§ SOURCE DATA
=====
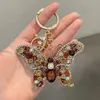 Keychains Sweet Water Diamond Butterfly Keychain Cute Fashion Sparkling Crystal Insect Charm Pendant Handbag Accessories Keyring Jewelry G230526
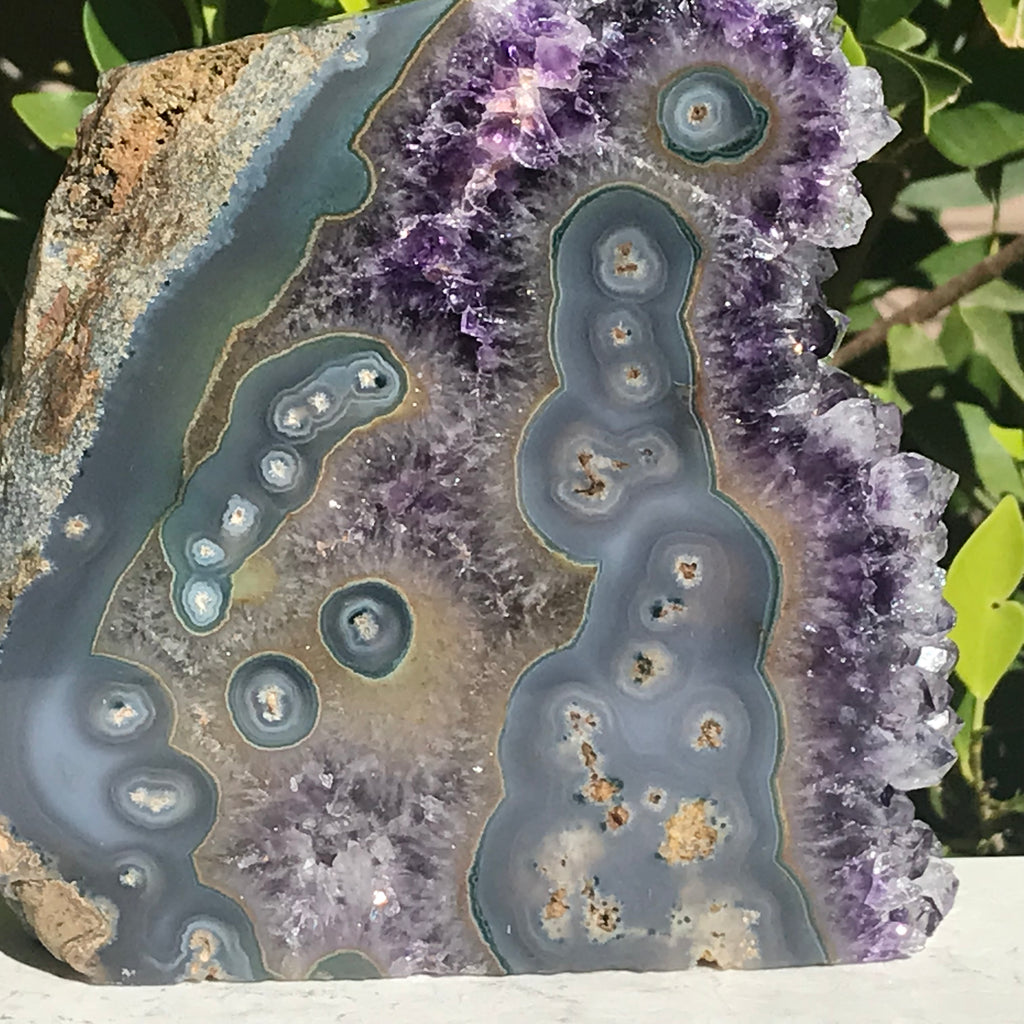 Clear Tipped Amethyst Crystal with Agate Slab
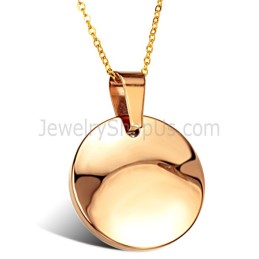 Rose-Gold High Polish Tungsten Pendant Wx720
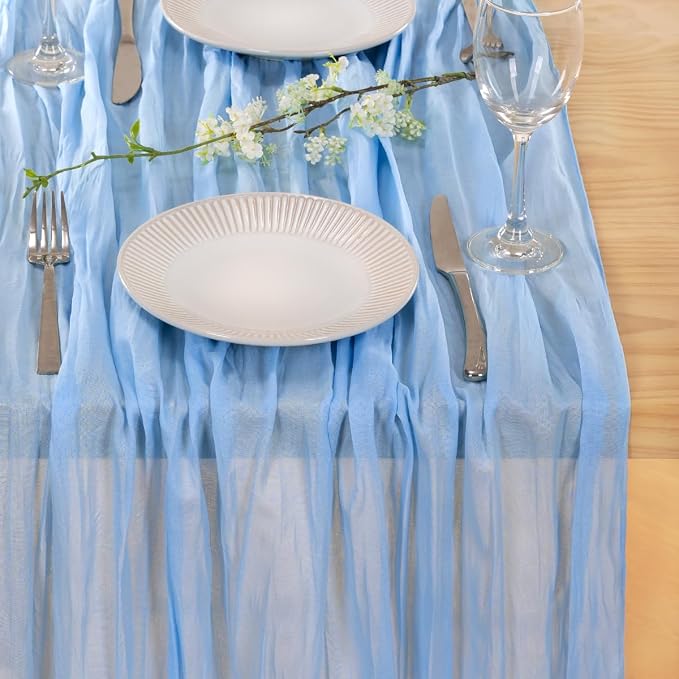 2 Pack Baby Blue Cheesecloth Table Runner 10ft Baby Shower Table Decor | - Image 4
=====
§ EXERCISE BRIEF
The answer must consist solely of the lines from the line containing "Rose-Gold High Polish Tungsten Pendant Wx720" to the end of the data, reproduced exactly, with every picture left out.

§ SOLUTION TO THIS EXERCISE
 Rose-Gold High Polish Tungsten Pendant Wx720
 2 Pack Baby Blue Cheesecloth Table Runner 10ft Baby Shower Table Decor | - Image 4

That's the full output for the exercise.